-- Opening Marker --
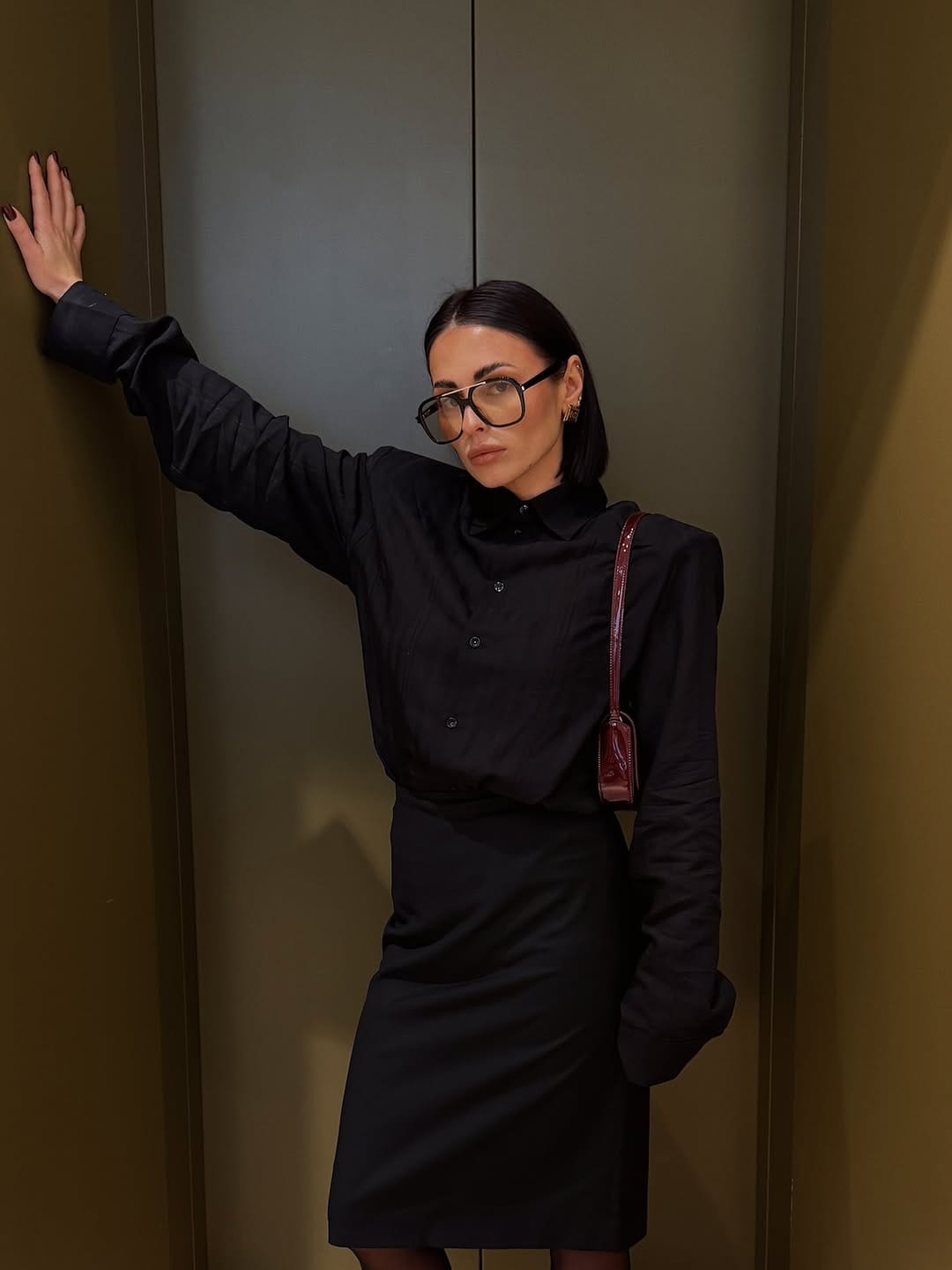 Post 7 by Eugenia Bunduchi | Stylist & Fashion Consultant on Instagram (carousel)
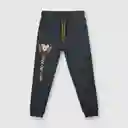 Pantalón de Niño Mickey Rock Marengo Talla 3A Colloky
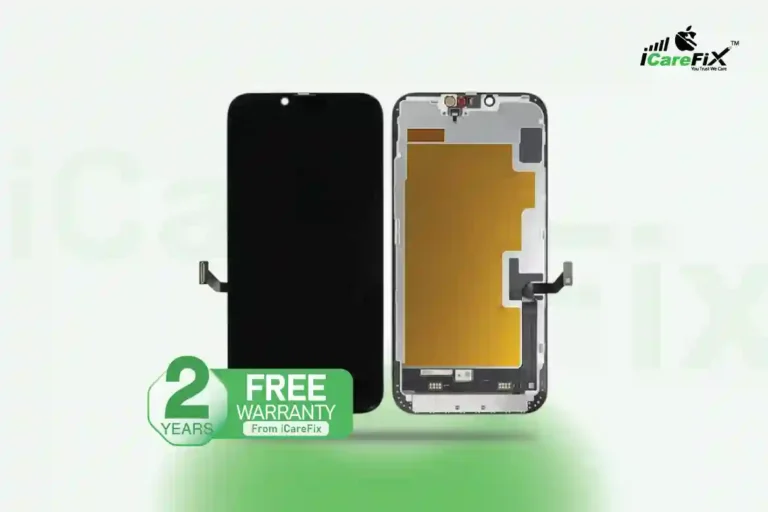 Original Display Replacement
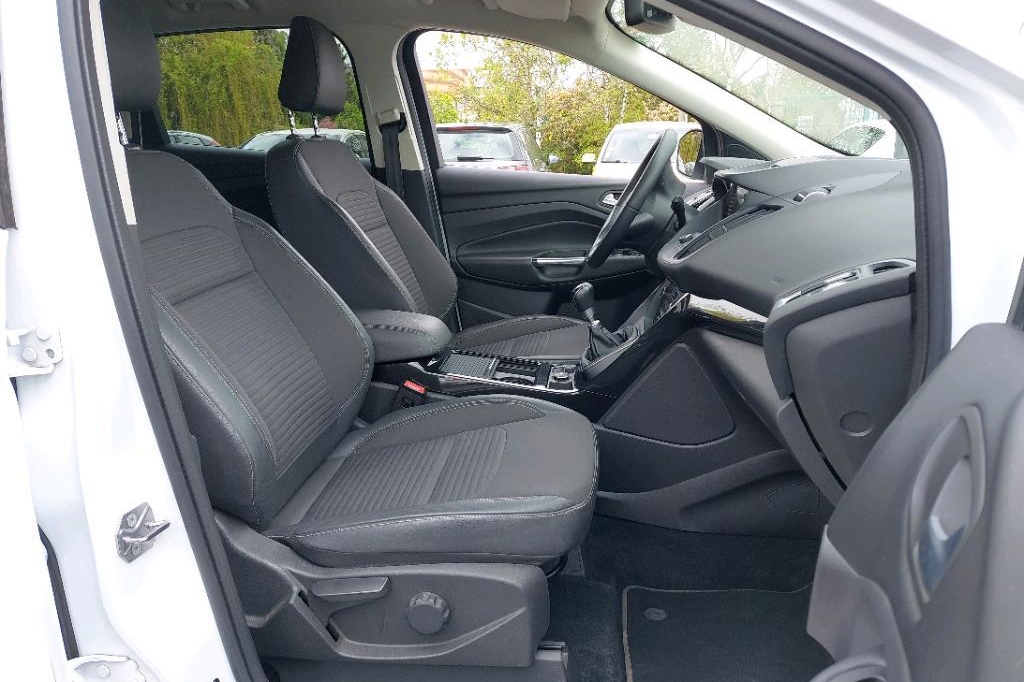 Ford Kuga 2018 фото 5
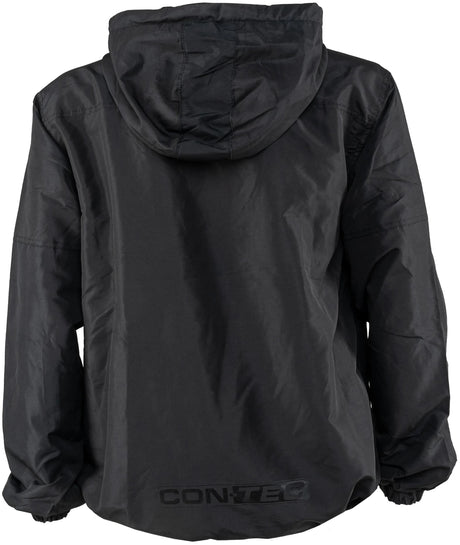 Contec jacke wind.support ct windstopper wind.supo rt sort, gr.l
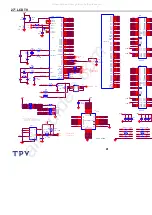 Preview for 41 page of Hyundai HLCD-A27W4 Service Manual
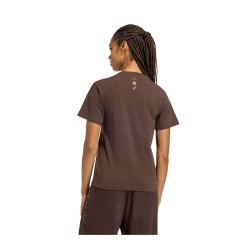 adidas Γυναικεία Κοντομάνικη Μπλούζα Ss25 Animal T Kt2676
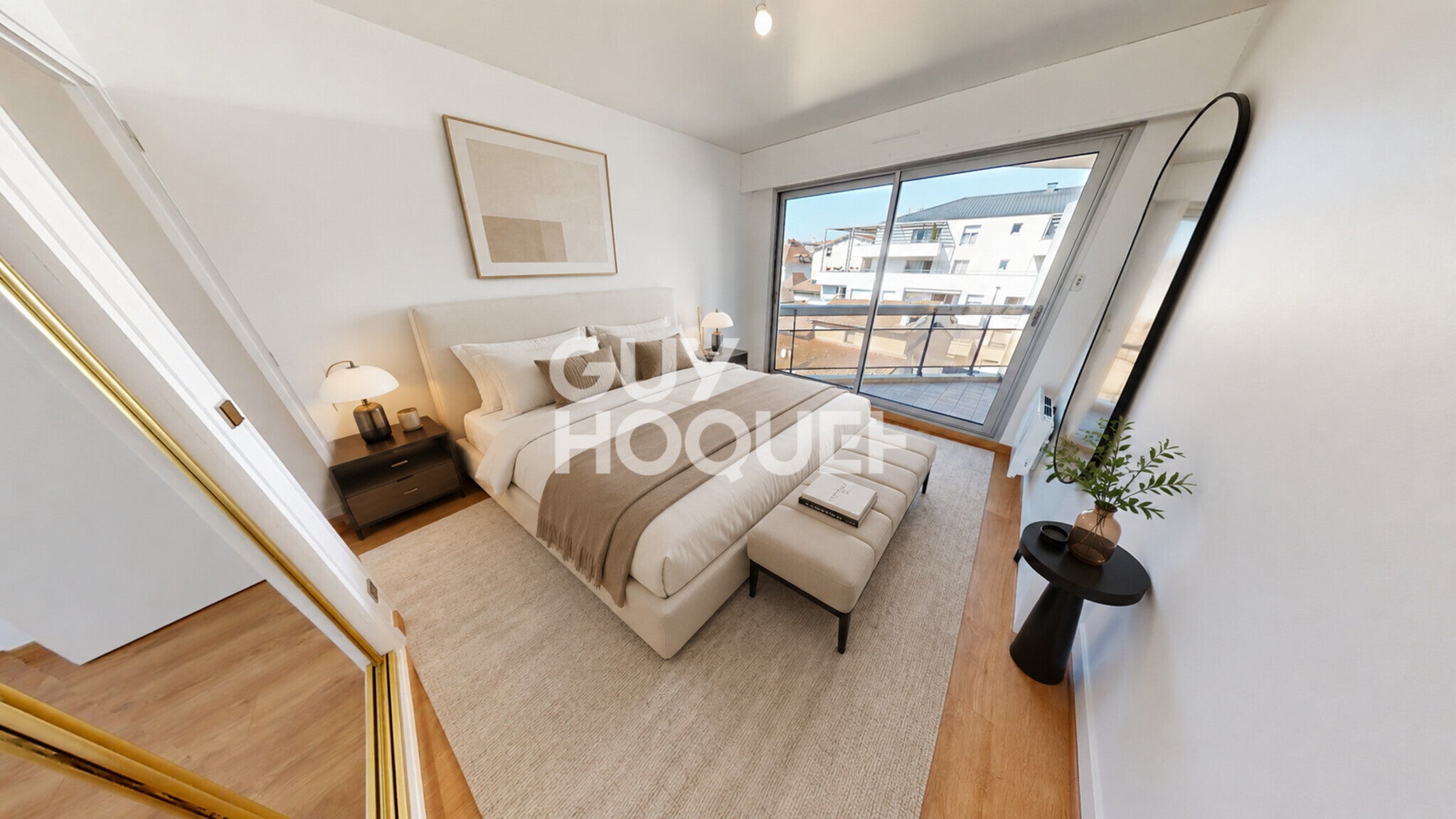 Appartement Avenue d'Haussez à Voiron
-- Closing Marker --
Starting with the line that contains "Ford Kuga 2018 фото 5", reproduce every line to the end of the material above, both end lines included, exactly and with no pictures.

 Ford Kuga 2018 фото 5
 Contec jacke wind.support ct windstopper wind.supo rt sort, gr.l
 Preview for 41 page of Hyundai HLCD-A27W4 Service Manual
 adidas Γυναικεία Κοντομάνικη Μπλούζα Ss25 Animal T Kt2676
 Appartement Avenue d'Haussez à Voiron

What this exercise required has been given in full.